Five days before the November 2006 election, Schlozman filed another lawsuit,
this time accusing members of a liberal activist group of voter registration
fraud. Justice Department policy discourages such lawsuits so close to the election.
"The committee would benefit from hearing directly from you in order to
gain a better understanding of the role voter fraud may have played in the administration's
decisions to retain or remove certain U.S. attorneys," Chairman Patrick
Leahy, D-Vt., wrote in a letter co-signed by the committee's top Republican,
Arlen Specter of Pennsylvania.
The letter asked Schlozman to voluntarily submit to interviews and testimony
and provide documents to the committee.
Dean Boyd, a Justice Department spokesman, said politics do not influence decisions
about whether to bring a case.
"The Justice Department brings its civil actions and criminal prosecutions
based on evidence, not on politics," Boyd said. "We expect U.S. Attorneys
to bring election and voter fraud cases where evidence of such fraud exists."

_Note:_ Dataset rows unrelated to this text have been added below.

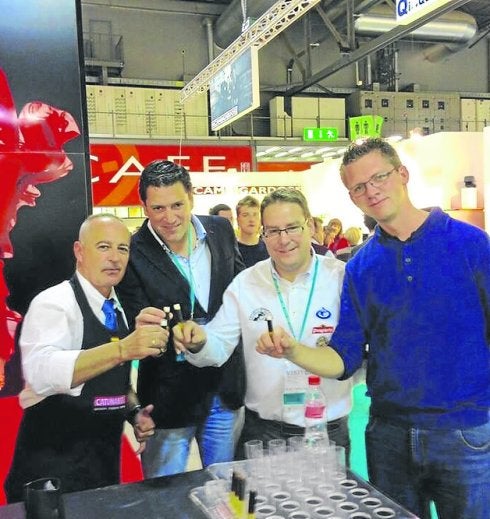 Raúl, con un grupo de baristas en la feria Host. :: dm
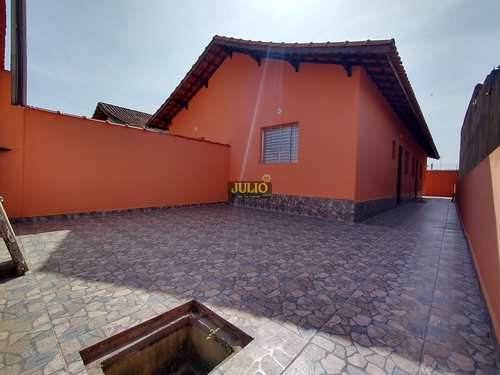 Casa, código 70508765 em Mongaguá, bairro Jardim Leonor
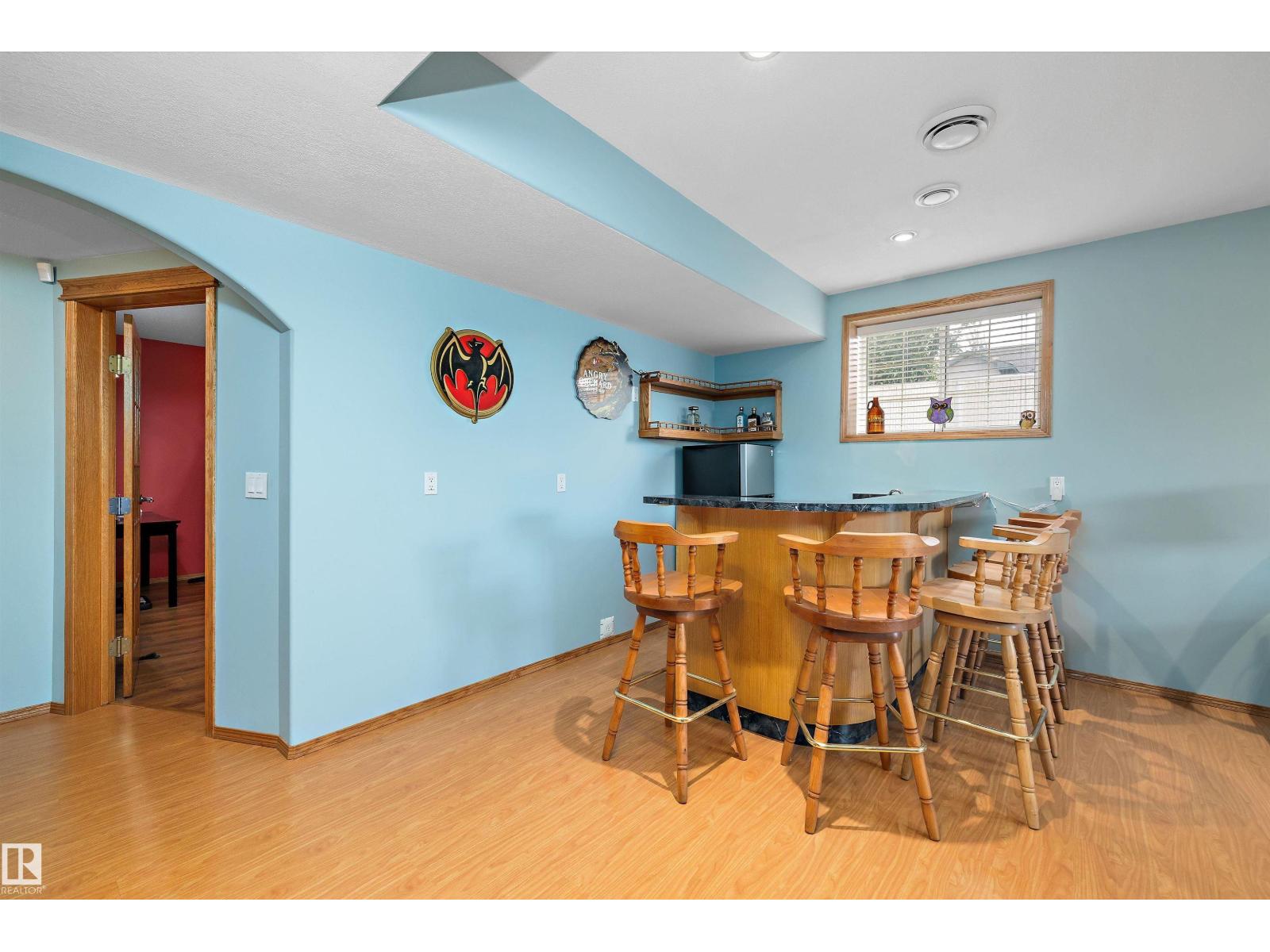 Photo 38 of 16403 88 St Nw, Edmonton AB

The Justice Department is conducting an internal review of the firings of U.S.
attorneys and other decisions. As part of that investigation, the agency is
reviewing whether Goodling sought to place Republicans as front-line prosecutors
in state U.S. attorney districts.
Lawmakers want to question Goodling but, without a promise of immunity, she
has refused. In a letter to House Judiciary Committee Chairman John Conyers,
D-Mich., the department said it would prefer not to see an immunity deal.
"However, we understand the committee's interest in obtaining Ms. Goodling's
testimony," the letter said. "Therefore, after balancing the significant
public interest against the impact of the committee's actions on our ongoing
investigation, we will not raise an objection or seek a deferral."
The letter was signed by Inspector General Glenn Fine and H. Marshall Jarrett,
counsel to the Office of Professional Responsibility.
Committee lawyers must now send an immunity request to a federal judge for
approval. Once that deal is approved, Goodling would face a contempt order if
she refused to testify. Her lawyer, John M. Dowd, said Monday she would testify
under such a deal.
"She'll be honest and clear and she'll work very hard to answer all questions,"
Dowd said.
Conyers said he would move quickly to ask a judge to approve the immunity deal
and schedule a hearing.
A congressional aide, who spoke on condition of anonymity because no agreement
on testimony had been reached, said lawmakers were planning to hold a hearing
as early as next week and hoped to secure testimony from Schlozman.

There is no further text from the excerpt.